Eyes of WISE: NASA scope made by SDL completes sky survey
By Kim Burgess
The Herald Journal
July 17, 2010
An innovative NASA telescope constructed at Utah State University's Space Dynamics Lab will complete its first survey of the sky today - a project that has already led to the discovery of 25,000 asteroids.
Launched into orbit in December, the Wide-field Infrared Survey Explorer (WISE) has the ability to see previously undetectable celestial objects using infrared sensors that can pick up dim light.
The 1.3 million images it has produced so far include distant galaxies and brown dwarf stars, as well as 100,000 asteroids, which mainly occupy an area between Mars and Jupiter. About 90 of these space rocks travel "near" Earth, meaning roughly 30 million miles from the planet.

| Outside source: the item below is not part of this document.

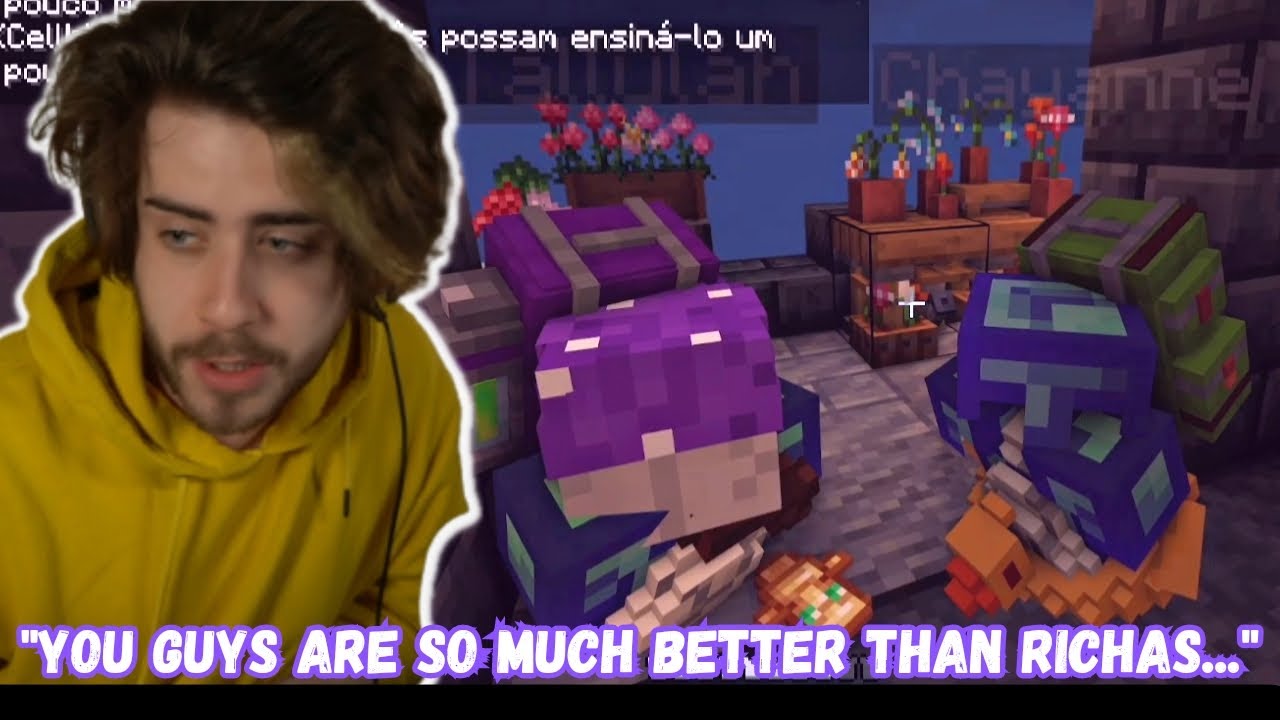 Cellbit takes care of Tallulah and Chayyane for the day ft. Jealous Richalyson #qsmp #cellbit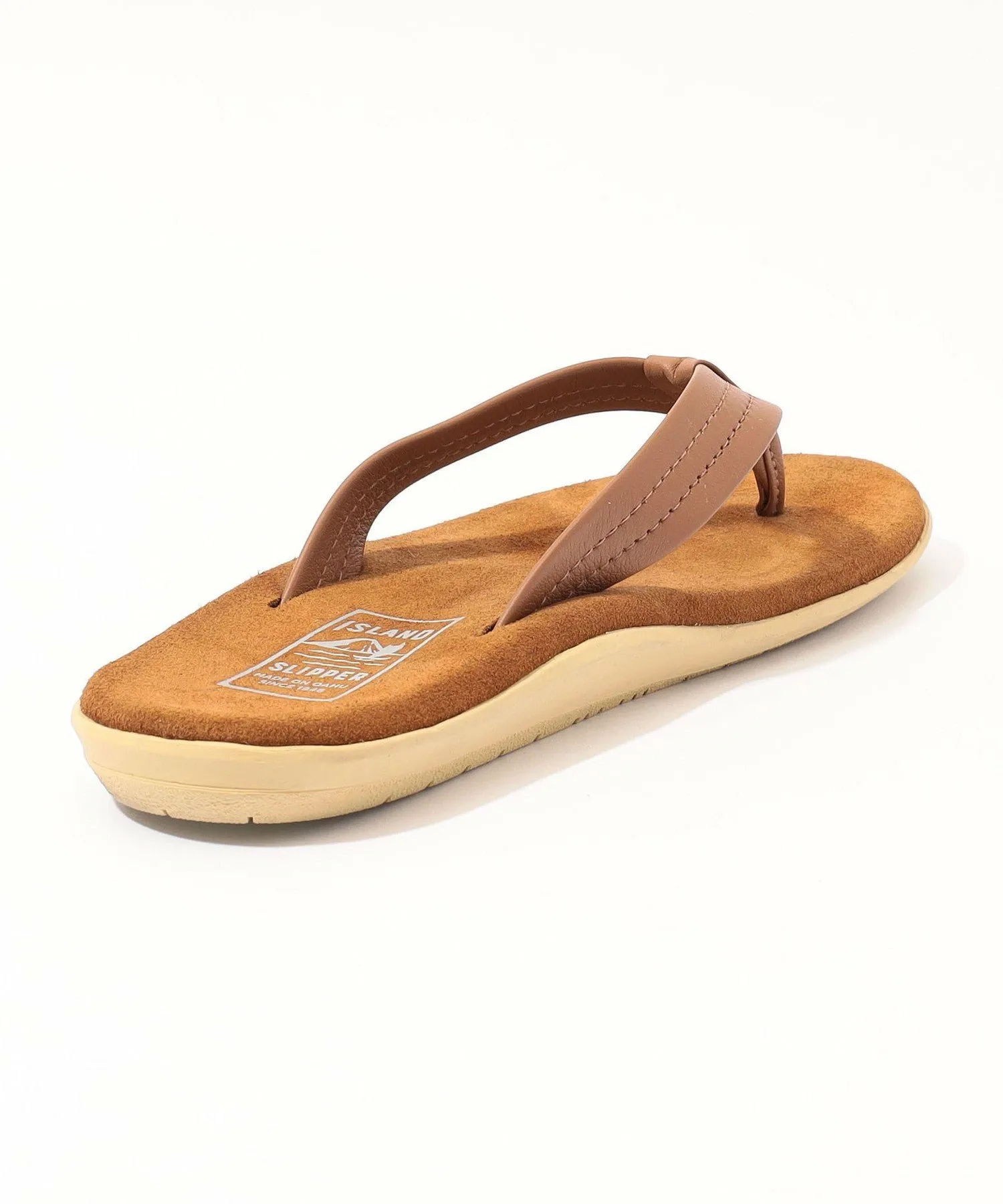 Кожаные сандалии-вьетнамки ISLAND SLIPPER PT202 Tomorrowland Goods, 45 Camel — фото 4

SDL employees are thrilled to see their project bearing such spectacular fruit.
John Elwell, WISE program manager at the lab, said some have hardly been able to tear themselves away from their computer screens.
"Every day is exciting," he added. "I'm proud that such a fundamental contribution to science comes out of Logan, Utah."
For the next three months, WISE will map half of the sky again, giving astronomers a look at what's changed.
The mission scans strips of space as WISE orbits around the poles following Earth's day-night line - meaning that as the planet moves around the sun, new areas come into WISE's field of view.
It has taken six months, or the amount of time for Earth to travel halfway around the sun, for the mission to complete one full scan of the entire sky.
"The eyes of WISE have not blinked since launch," said William Irace, the mission's project manager at NASA's Jet Propulsion Laboratory in Pasadena, Calif. "Both our telescope and spacecraft have performed flawlessly and have imaged every corner of our universe, just as we planned."
WISE's work will come to an end when its block of solid hydrogen coolant, needed to chill the infrared detectors, runs out, probably in November.
Images from $320-million device will help guide future missions like the James Webb Space Telescope to areas that warrant more research.
The first release of WISE data, covering about 80 percent of the sky, will be delivered in May of next year.